Data extracts |
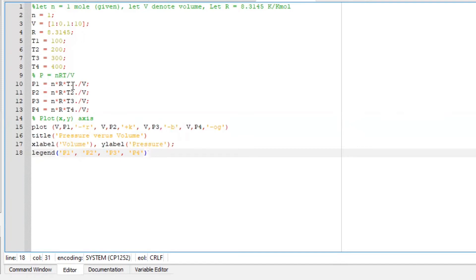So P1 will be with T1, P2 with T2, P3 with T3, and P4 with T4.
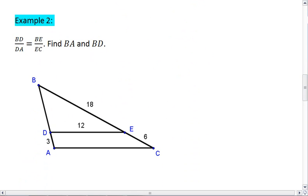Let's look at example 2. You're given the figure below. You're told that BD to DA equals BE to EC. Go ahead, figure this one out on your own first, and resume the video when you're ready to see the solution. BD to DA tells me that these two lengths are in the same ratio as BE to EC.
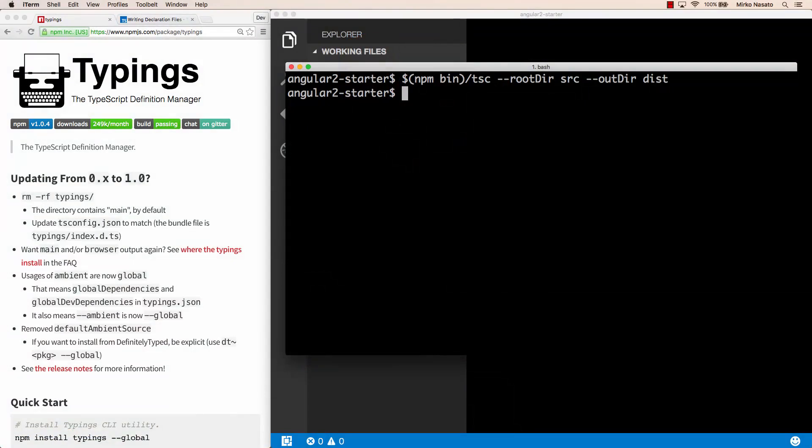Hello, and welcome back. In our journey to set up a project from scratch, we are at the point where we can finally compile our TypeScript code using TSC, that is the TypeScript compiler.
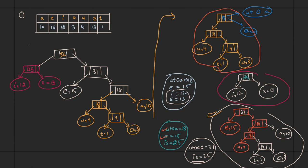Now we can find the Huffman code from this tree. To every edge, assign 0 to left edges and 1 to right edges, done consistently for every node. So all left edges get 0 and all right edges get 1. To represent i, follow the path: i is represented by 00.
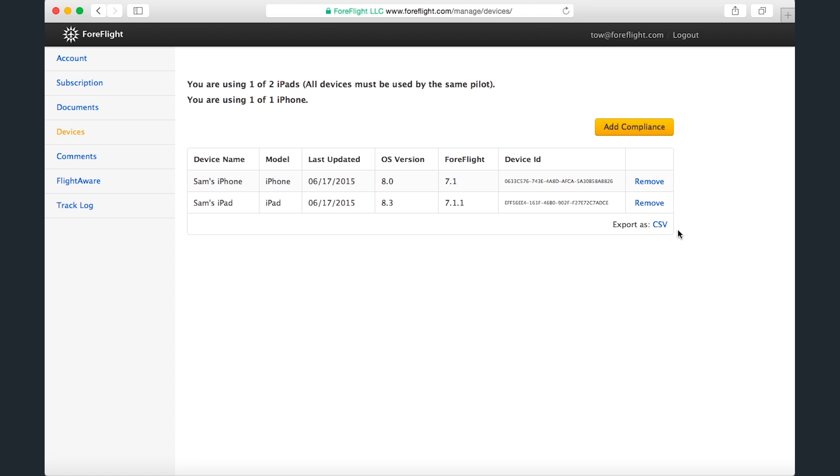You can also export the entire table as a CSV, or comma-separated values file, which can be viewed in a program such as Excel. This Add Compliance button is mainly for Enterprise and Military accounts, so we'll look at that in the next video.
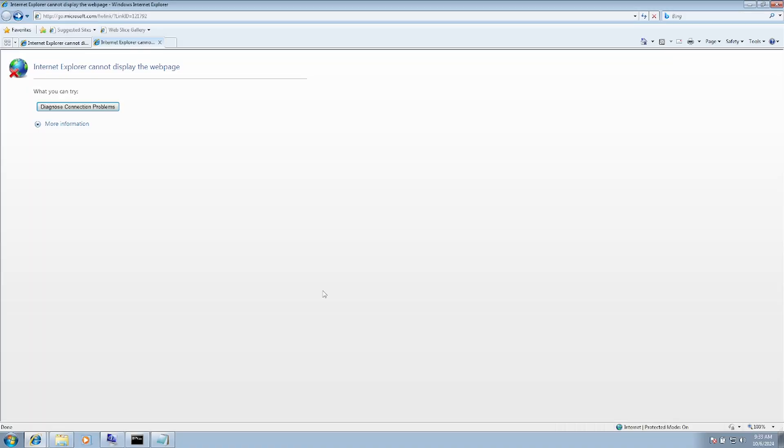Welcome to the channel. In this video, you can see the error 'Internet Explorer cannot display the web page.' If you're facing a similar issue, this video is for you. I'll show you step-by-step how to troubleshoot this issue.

Task objective | All records above are to be printed exactly, minus the pictures they contain.

Written response |
So P1 will be with T1, P2 with T2, P3 with T3, and P4 with T4.
Let's look at example 2. You're given the figure below. You're told that BD to DA equals BE to EC. Go ahead, figure this one out on your own first, and resume the video when you're ready to see the solution. BD to DA tells me that these two lengths are in the same ratio as BE to EC.
Hello, and welcome back. In our journey to set up a project from scratch, we are at the point where we can finally compile our TypeScript code using TSC, that is the TypeScript compiler.
Now we can find the Huffman code from this tree. To every edge, assign 0 to left edges and 1 to right edges, done consistently for every node. So all left edges get 0 and all right edges get 1. To represent i, follow the path: i is represented by 00.
You can also export the entire table as a CSV, or comma-separated values file, which can be viewed in a program such as Excel. This Add Compliance button is mainly for Enterprise and Military accounts, so we'll look at that in the next video.
Welcome to the channel. In this video, you can see the error 'Internet Explorer cannot display the web page.' If you're facing a similar issue, this video is for you. I'll show you step-by-step how to troubleshoot this issue.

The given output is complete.